[RECORDS SHOWN]

▬▬▬

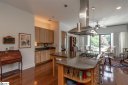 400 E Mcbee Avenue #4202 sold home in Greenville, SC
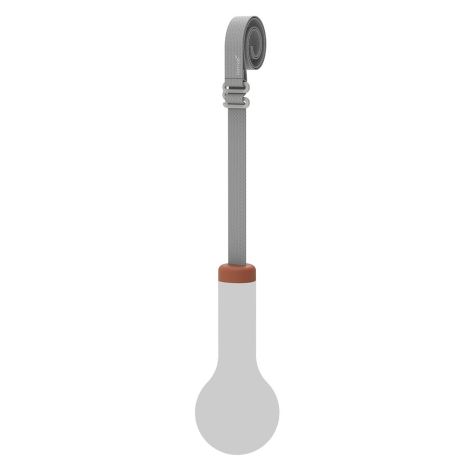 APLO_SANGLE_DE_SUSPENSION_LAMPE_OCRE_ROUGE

▬▬▬

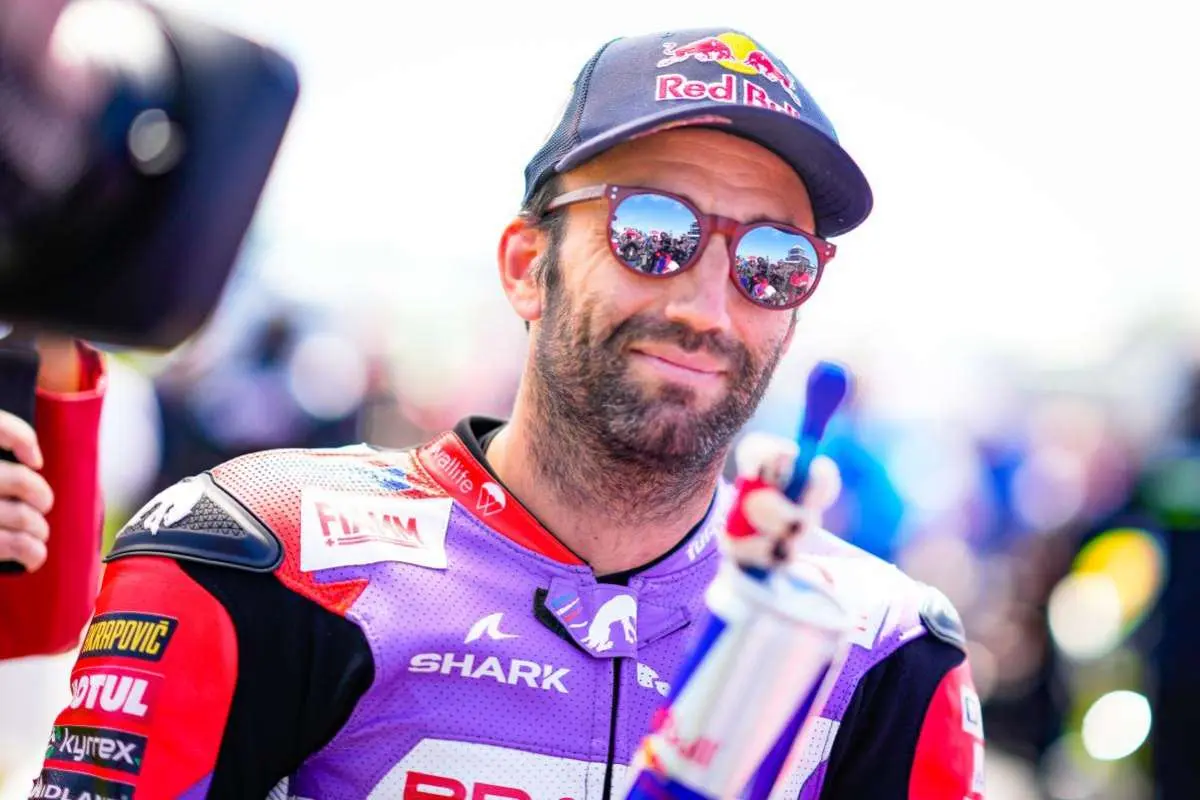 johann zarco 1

▬▬▬

[WORK TASK] Copy exactly the part of the material above that opens with the line containing "400 E Mcbee" and closes with the line containing "APLO_SANGLE_DE_SUSPENSION_LAMPE_OCRE_ROUGE", ends included. Drop the images.

[OUTPUT FOR THIS EXERCISE]
 400 E Mcbee Avenue #4202 sold home in Greenville, SC
 APLO_SANGLE_DE_SUSPENSION_LAMPE_OCRE_ROUGE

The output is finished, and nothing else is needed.